I've been browsing today. I google things like "interesting jewelry", and I find designers that I wouldn't have otherwise heard of. A few weeks ago, such a thing happened, and I found this ring:

Oooooh, a sparkly!

I love it. I don't know what place sells this particular designer, and I haven't really done any digging to find out where, but one day, it might be important.

I hadn't actually bothered to look through his other designs, so I did today. And...in complete fairness, 98% of them are fucking awful. They're just these art deco monstrosities that I feel like people would only buy or wear as a statement piece (that statement being FUCK YOU, AESTHETICS, but that's neither here nor there). But, there were two more that I liked:

Rose gold is delicious.

What a unique piece!

I don't know where I got this obsession with sparkly things. For the most part, I just like to look and covet a little bit before moving on to the next sparkly thing. Though, looking at that sparkly thing and coveting it usually goes down like this:

I've accepted that I'm Jeremy, and that's ok. both because I love Don Bluth movies AND I loved this book (I loved the sequels, too! While I didn't care for Frisbee as a name, I did name my first rat Brisby as homage to the book and the movie), and because I'm fairly fucking sure that's really how I look when I see something sparkly. My eyes turn colors, and I stop speaking coherent English.

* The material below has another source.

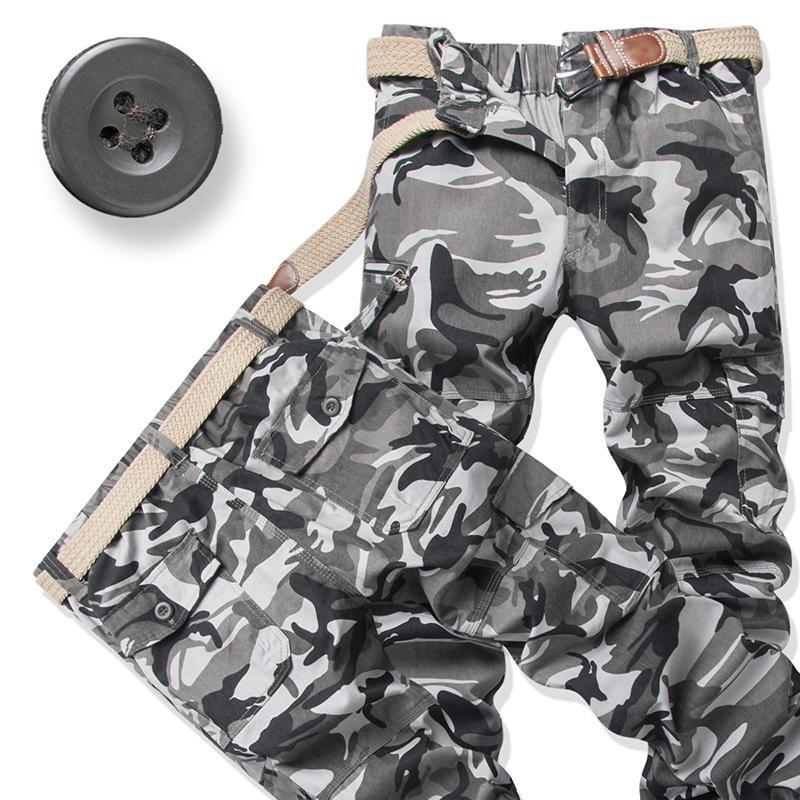 純棉多口袋工裝褲松緊腰迷彩長褲運動褲男士寬松耐磨純棉休閑褲潮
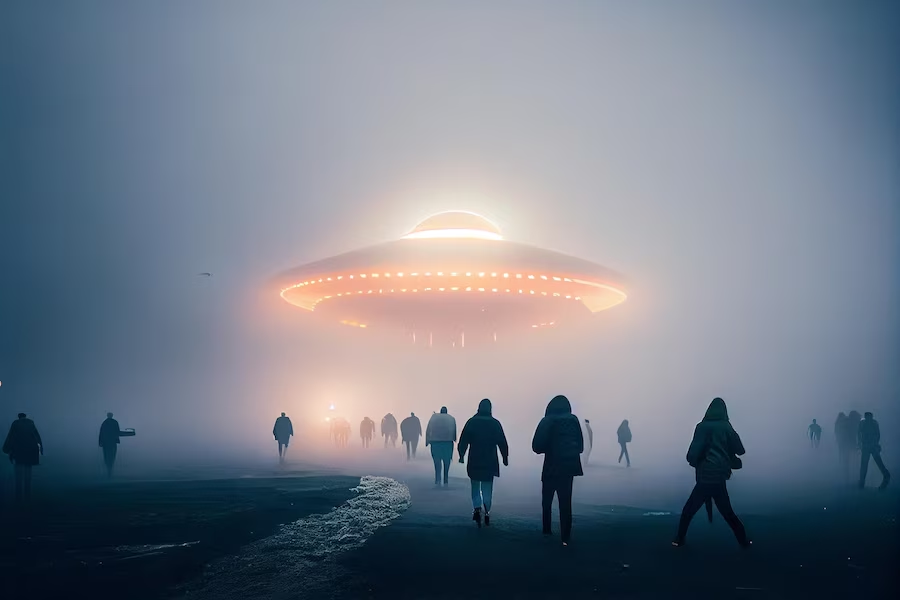 UFO hovering above people in a foggy place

My pants are way too big for me. If I pull them all the way up to the top of my ribs, they look pretty alright, but they fall down and look like crap the moment I do anything. This shirt is too big, as well. I look like I'm wearing a tent. I think I might be. My plan was to have them tailored, because I wanted the jeans and the shirt, but they only came in smalls and extra larges (both of them. What a cruel coincidence), but this morning I just decided, fuck it, you'll be fine, just throw a belt on! And then I remembered I don't have belts, because I'm not adult enough for them, and I had no way of making this shirt anything but insanely billowy, but I came to work in this, anyway. Clearly I make good choices. I should have just worn a pencil skirt and a button down. Damn foolish of me.

I may update this AGAIN later this evening. I have photos to edit and post, and I'm feeling very anxious, and like writing is where it's at.